Copy the listing exactly as given. Omit every picture.

====================

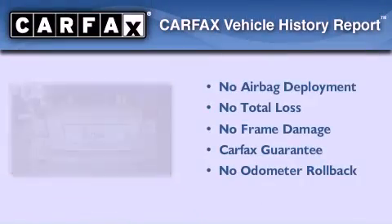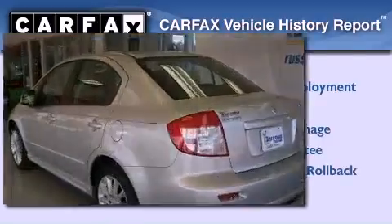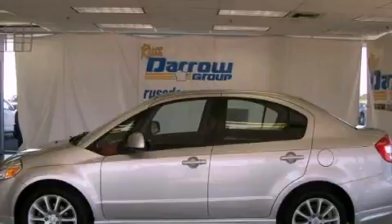Not to mention that this Suzuki qualifies for the Carfax buy-back guarantee. Please call us today for more information on this great vehicle.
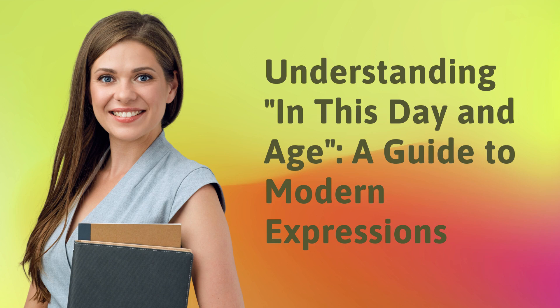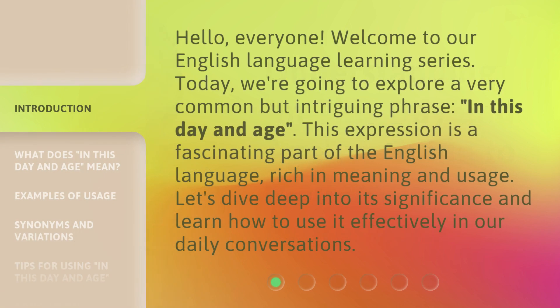Understanding 'In This Day and Age' — A Guide to Modern Expressions. Hello, everyone, welcome to our English language learning series. Today, we're going to explore a very common but intriguing phrase: 'In This Day and Age.' This expression is a fascinating part of the English language, rich in meaning and usage. Let's dive deep into its significance and learn how to use it effectively in our daily conversations.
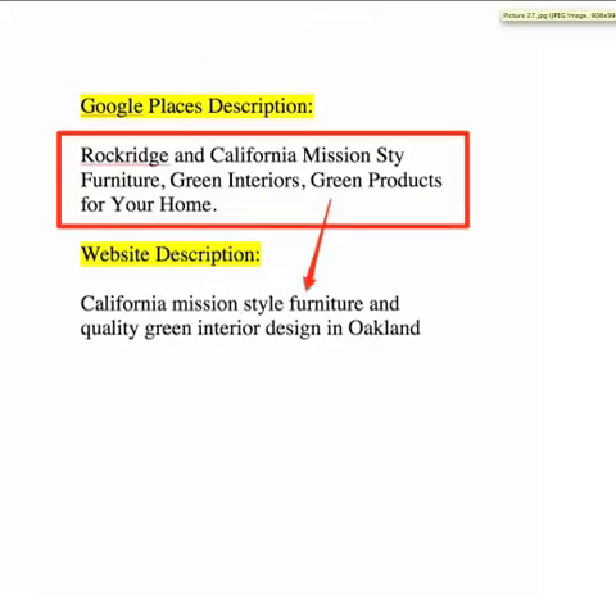I also want to look at the description from your website. The description on your website is 'California Mission Style Furniture and Quality Green Interior Design in Oakland.' However, the Google Places description is very different. We want to sync these up — you want these to very closely relate to the categories you have in Google Places and the keywords on your website.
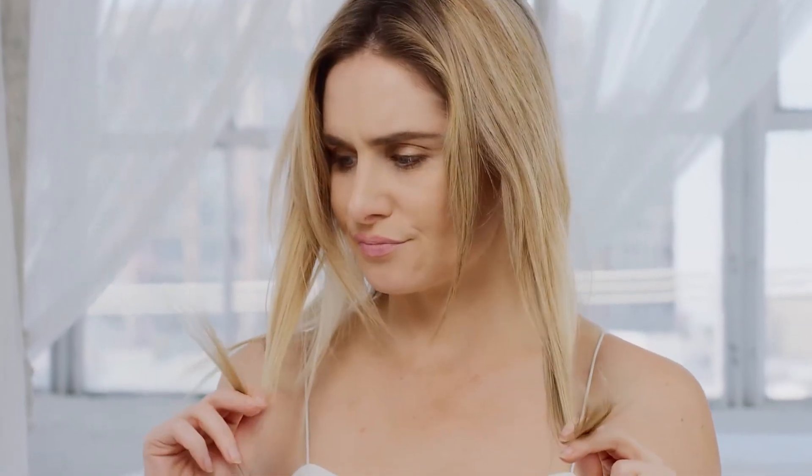We straighten, curl, color, highlight, tease, tug, pull, and generally abuse our hair. And as we age, it takes a toll on our hair, causing it to become thinner and duller.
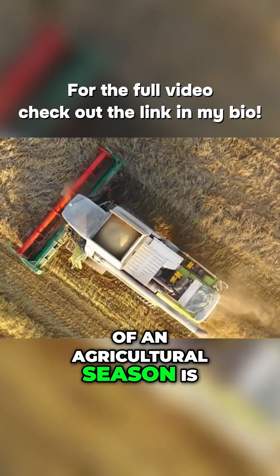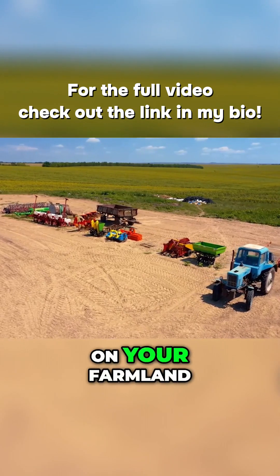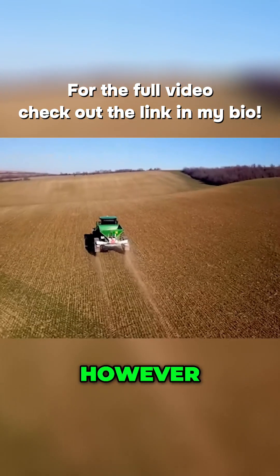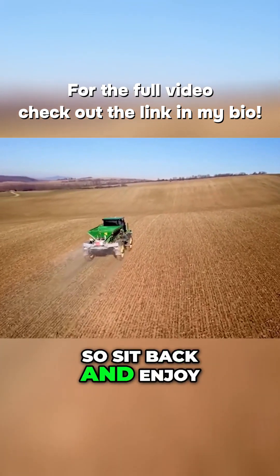The success of an agricultural season is near zero if you don't have any of these machines on your farmland. Don't get me wrong, there are a host of machines out there that can get the job done. However, today we'll be looking at the best of the best, so sit back and enjoy.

====================

| RESPONSE AREA |
Not to mention that this Suzuki qualifies for the Carfax buy-back guarantee. Please call us today for more information on this great vehicle.
Understanding 'In This Day and Age' — A Guide to Modern Expressions. Hello, everyone, welcome to our English language learning series. Today, we're going to explore a very common but intriguing phrase: 'In This Day and Age.' This expression is a fascinating part of the English language, rich in meaning and usage. Let's dive deep into its significance and learn how to use it effectively in our daily conversations.
I also want to look at the description from your website. The description on your website is 'California Mission Style Furniture and Quality Green Interior Design in Oakland.' However, the Google Places description is very different. We want to sync these up — you want these to very closely relate to the categories you have in Google Places and the keywords on your website.
We straighten, curl, color, highlight, tease, tug, pull, and generally abuse our hair. And as we age, it takes a toll on our hair, causing it to become thinner and duller.
The success of an agricultural season is near zero if you don't have any of these machines on your farmland. Don't get me wrong, there are a host of machines out there that can get the job done. However, today we'll be looking at the best of the best, so sit back and enjoy.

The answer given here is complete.